## EXERCISE:
Print exactly what appears from the line containing "Imágenes de participantes" through the final line of the data below, pictures excluded.

## DATA PROVIDED:

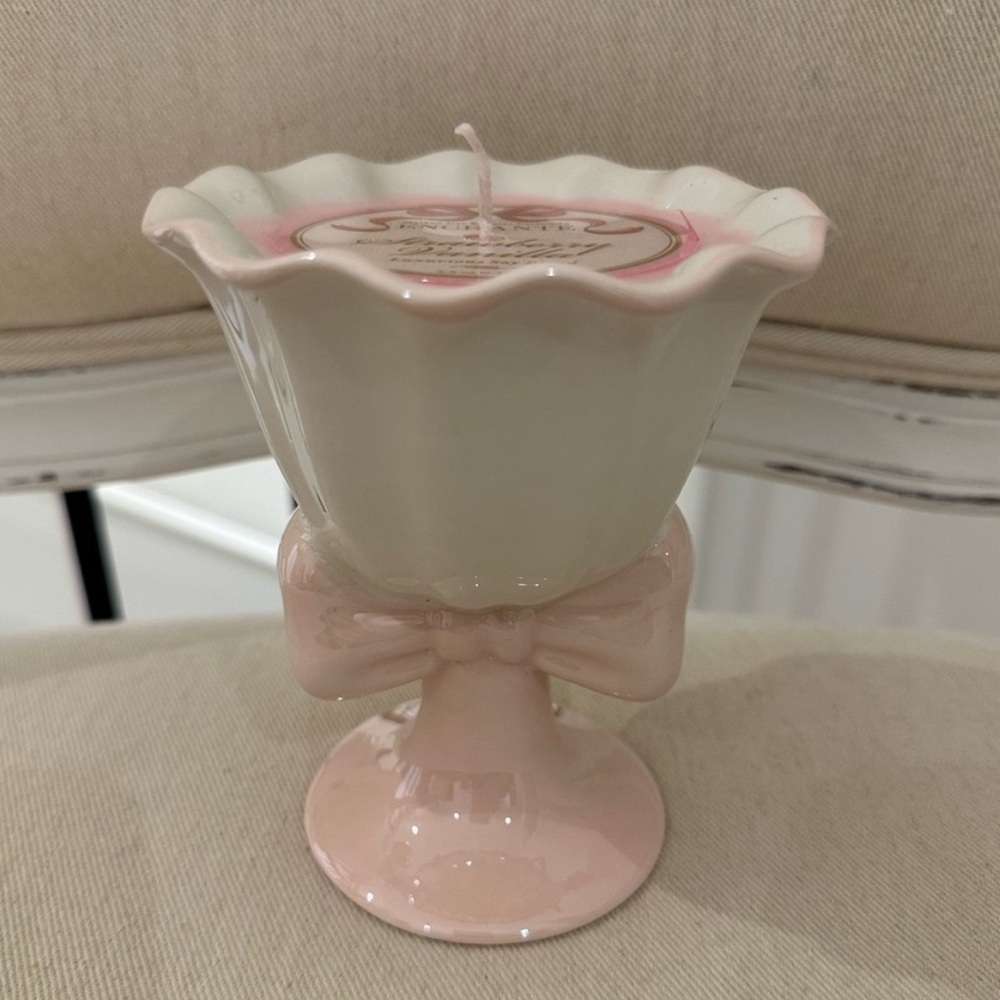 Enchante VIRAL Ceramic Bow Soy Blend Candle Strawberry & Vanilla HTF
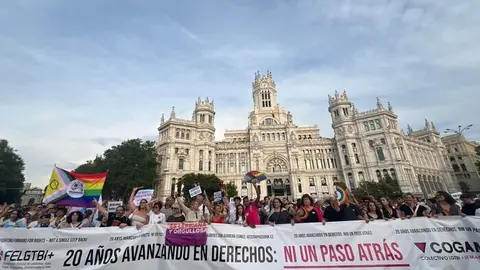 Imágenes de participantes en la manifestación, tras una de las pancartas | Foto de Servimedia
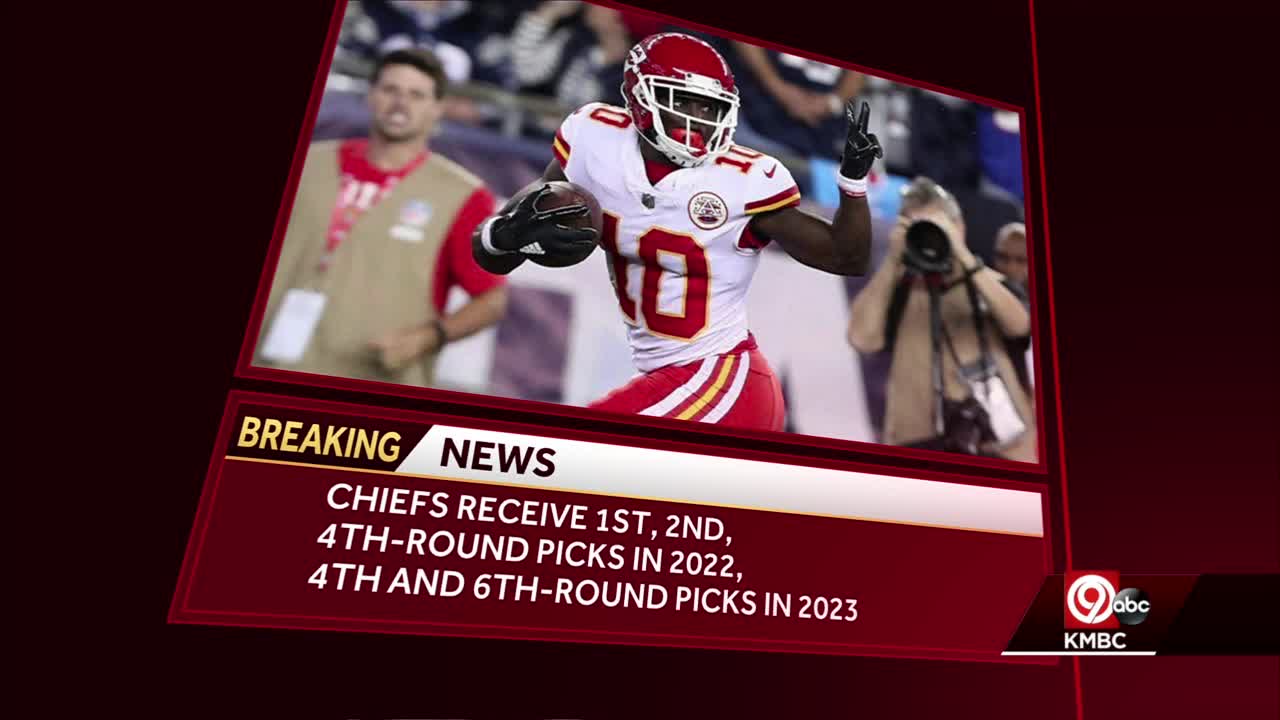 Look: Tyreek Hill's Warning For Chiefs Kingdom Is Going Viral 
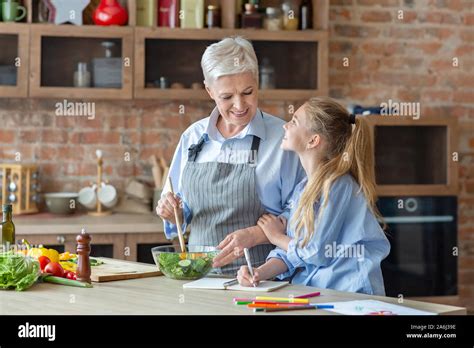 Abuela nieta receta fotografías e imágenes de alta resolución Alamy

## WRITTEN SOLUTION:
 Imágenes de participantes en la manifestación, tras una de las pancartas | Foto de Servimedia
 Look: Tyreek Hill's Warning For Chiefs Kingdom Is Going Viral 
 Abuela nieta receta fotografías e imágenes de alta resolución Alamy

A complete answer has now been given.